I use cloud vision to annotate documents with DOCUMENT_TEXT_DETECTION, and I only use the words data.
The annotate command returns a lot of information for each letter/symbol (languages, vertices, breaks, text, confidence, ...) which adds up to a lot of memory usage. Running annotate on a 4 pages document¹ return over 100MB of data, which is past my php memory limit, causing the script to crash. Getting only the words data would probably be about 5 times smaller.
To be clear, I load the VisionClient, set up the image, run the annotate() command, and it returns a 100MB variable directly, crashing at this point, before I get the chance to do any cleaning.

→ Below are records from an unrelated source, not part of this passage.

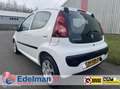 Peugeot 107 1.0 Blue Lease N.A.P.| AIRCO | EL.RAMEN | ISOFIX Weiß - thumbnail 3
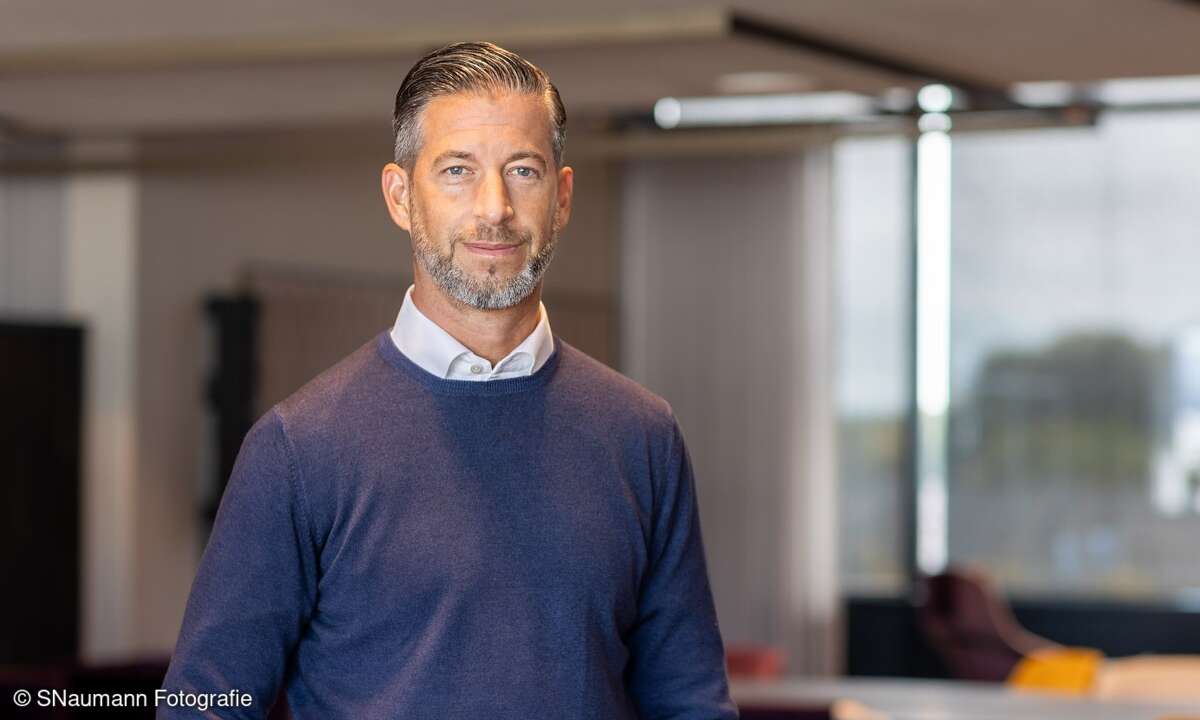 André Holhozinskyj, Cloudflight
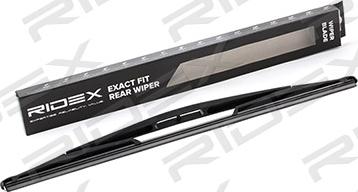 RIDEX 298W0016 - Wiper Blade autospares.lv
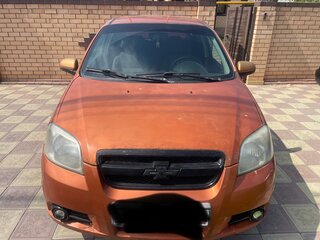 2006 Chevrolet Aveo I Рестайлинг, оранжевый, 220000 рублей, вид 1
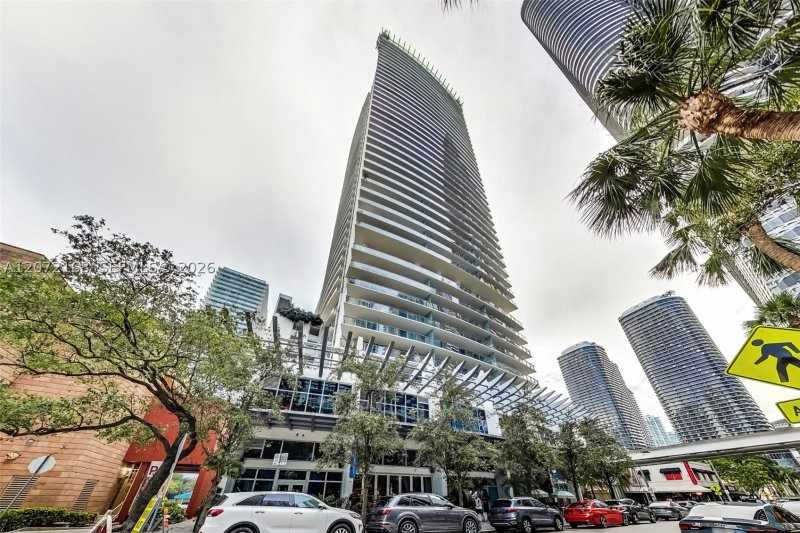 Apartment for rent at 1100 Millecento 1008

$vision = new VisionClient([/* key & id here */]);
$image = $vision->image(file_get_contents($imagepath), ['DOCUMENT_TEXT_DETECTION']);
$annotation = $vision->annotate($image); // Crash at that point trying to allocate too much memory.
Is there a way to not request the entirety of the data? The documentation on annotate seems to indicate that it's possible to annotate only part of the picture, but not to toss the symbols data.
At a more fundamental level, am I doing something wrong here regarding memory management in general?
Thanks
Edit : Just realized : I also need to store the data in a file, which I do using serialize()... which double the memory usage when ran, even if I do $annotation = serialize($annotation) to avoid having 2 variables. So I'd actually need 200MB per user.
¹ Though this is related to the amount of text rather than the amount of pages.